Who would benefit from President Biden’s new student loan forgiveness plan?

New proposals for student debt support have been announced by the Department of Education aimed at supporting students in financial hardship.

New plans afoot for what form debt forgiveness could take on in the future. The Higher Education Act (1965) gives the Education Secretary the authority to waive federal student loans, but “current regulations lack specificity on how that authority is applied,” said Under Secretary of Education James Kvaal.

For that reason a panel has been put together by the Biden administration to perform a process known as negotiated rulemaking. 14 negotiators will craft the details of what Biden’s federal student loan debt relief program will be. With negotiators meeting into December, it’s unlikely that the public will know who will be eligible for the new student loan forgiveness and how much until early next year at the soonest.

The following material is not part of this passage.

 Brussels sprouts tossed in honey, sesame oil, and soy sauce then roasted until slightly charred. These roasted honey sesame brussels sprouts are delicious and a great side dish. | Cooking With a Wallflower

At this stage, the administration has published a draft regulatory text to keep the public aware of how the negotiations are proceeding. Four groups of students will be targeted by the proposals, but nothing has been agreed as of yet.

Who will benefit?

Students who:

  • Currently have outstanding federal student loan balances that exceed what they originally borrowed.
  • Have loans that first entered repayment 25 or more years ago.
  • Took out loans to attend career-training programs that created unreasonable debt loads or provided insufficient earnings for graduates, as well as borrowers who attended institutions with unacceptably high student loan default rates.
  • The Secretary determines are eligible for forgiveness under repayment plans like income-driven repayment or targeted relief programs like Public Service Loan Forgiveness or closed school loan discharges except they have not applied for such relief.

Another group may be targeted, those who are experiencing financial hardship that the current student loan system does not currently adequately address.

We are fighting to ensure that student debt does not stand in the way of opportunity or prevent borrowers from realizing the benefits of their higher education,” Education Secretary Miguel Cardona said in a release about the proposal

Student debt repayments contine after failed debt forgiveness push

Interest began accruing on student debt from 1 September while payments resumed this month.Education Secretary Cardona announced that the agency was implementing a “12-month on-ramp transition period.” The loans of borrowers who can’t pay their monthly bill in full during this period will not be referred to collection agencies nor go into default and it will not lead to negative credit reporting.

Federal Student Aid advises borrowers that if they can make payments, they should do so as even during this transition period interest will accrue. Borrowers are also advised to explore repayment plan options if they want to reduce their monthly payments such as the revamped income-driven repayment plan called Saving on a Valuable Education (SAVE) plan.